Martin Gilbert escribe lo siguiente: «Todo esto, sin embargo, sólo era el preludio de la mañana del 22 de junio cuando el Ejército Rojo abrió su ofensiva de verano. Con el nombre codificado de operación Bagration, por el general zarista, comenzó en el tercer aniversario de la invasión de Hitler de Rusia, con una fuerza más grande que la de Hitler en 1941. En total participaron 1.700.000 soldados soviéticos, apoyados por 2.715 tanques, 1.355 armas autopropulsadas, 24.000 piezas de artillería y 2.306 lanzacohetes, apoyados por el aire con 6.000 aviones y por tierra con 70.000 camiones, además de cien trenes de suministros diarios. En una semana, rompieron dos mil millas del frente alemán y éstos tuvieron que retroceder hacia Bobruisk, Stolbtsy, Minsk y Grodno, su posición en Rusia Occidental quedó rota para siempre. En una semana, murieron 38.000 soldados alemanes y 116.000 fueron tomados prisioneros. Los alemanes también perdieron dos mil tanques, diez mil armas pesadas y 57.000 vehículos. El Grupo Militar Alemán del Norte, del que dependía casi todo, fue roto en dos segmentos, uno se retiró hacia los Estados Bálticos y el otro hacia Prusia oriental» (M. Gilbert. Second World War, pág. 544).
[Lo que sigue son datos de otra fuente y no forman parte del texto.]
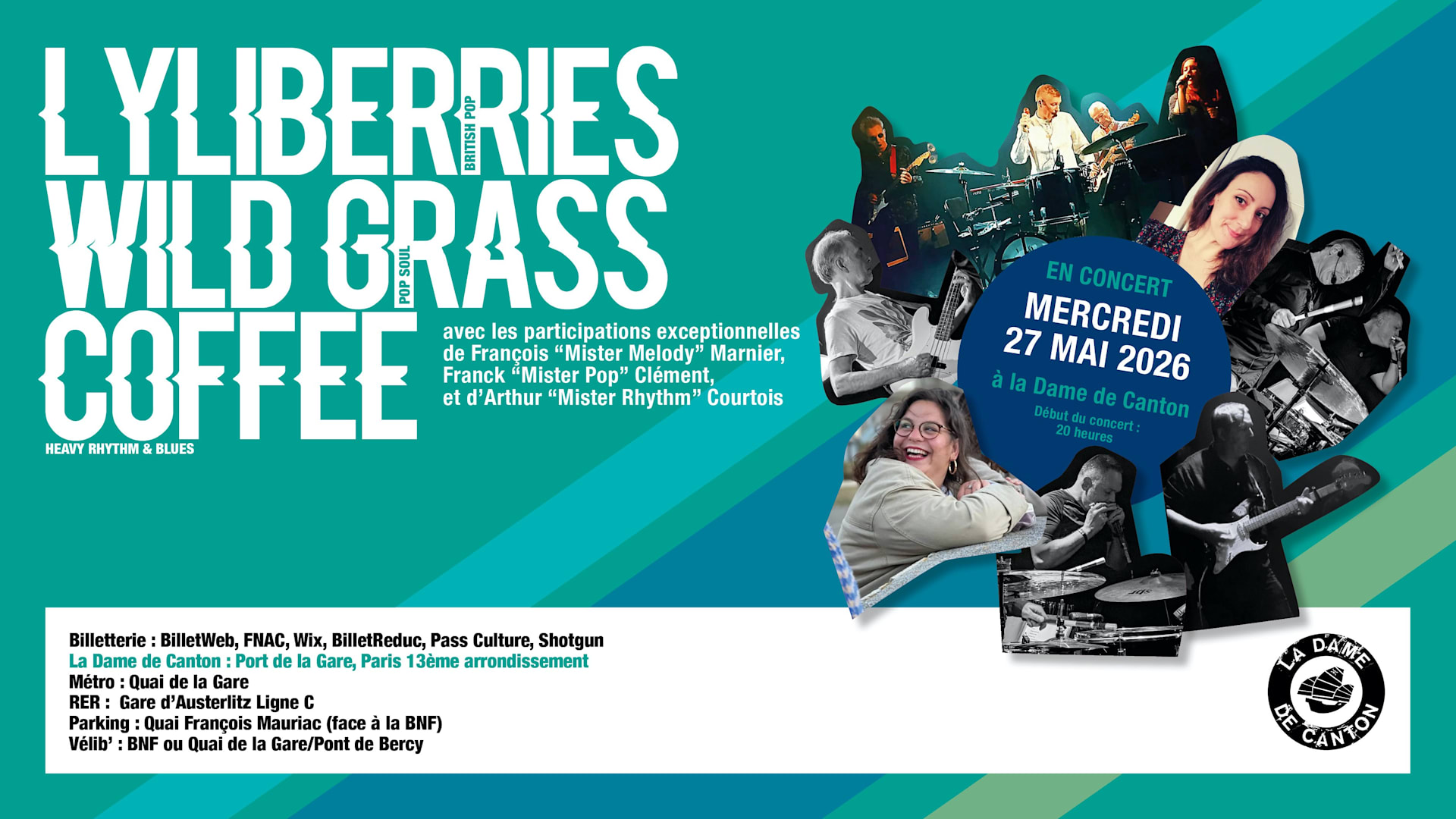 Coffee X Wild Grass X Lilyberries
Las operaciones ofensivas en el frente occidental se reanudaron en febrero. En realidad, las fuerzas británicas y estadounidenses se encontraron con poca resistencia seria porque la gran mayoría de las fuerzas efectivas de lucha de Hitler estaban en el frente oriental. Esto permitió a las fuerzas británicas y norteamericanas avanzar a lo largo del Rhin. Eisenhower, el comandante supremo de la Fuerza Expedicionaria Aliada en Europa, admitió que no se encontraron con una oposición seria: Las dos divisiones estadounidenses que hicieron el asalto sufrieron sólo un tercio de bajas» (Dwight D. Eisenhower, Crusade in Europe. Nueva York, 1948, pág. 389. El subrayado es nuestro).
El espíritu de lucha del ejército alemán quedó roto. Una media de 10.000 soldados alemanes se rendía diariamente a los británicos y estadounidenses. Pero en el frente oriental continuaban luchando desesperadamente. La razón hay que buscarla en la política de Stalin. Con Lenin y Trotsky, los bolcheviques llevaron a cabo una política internacionalista. Durante la sangrienta guerra civil que siguió a la Revolución de Octubre, la Rusia soviética fue invadida por veintiún ejércitos de intervención extranjeros. En determinado momento el poder soviético quedó reducido a la zona que rodea Moscú y Petrogrado, poco más que el territorio del antiguo Muscovy. Pero la revolución consiguió derrotar a los imperialistas. La razón es que los bolcheviques hicieron propaganda internacionalista entre las tropas imperialistas.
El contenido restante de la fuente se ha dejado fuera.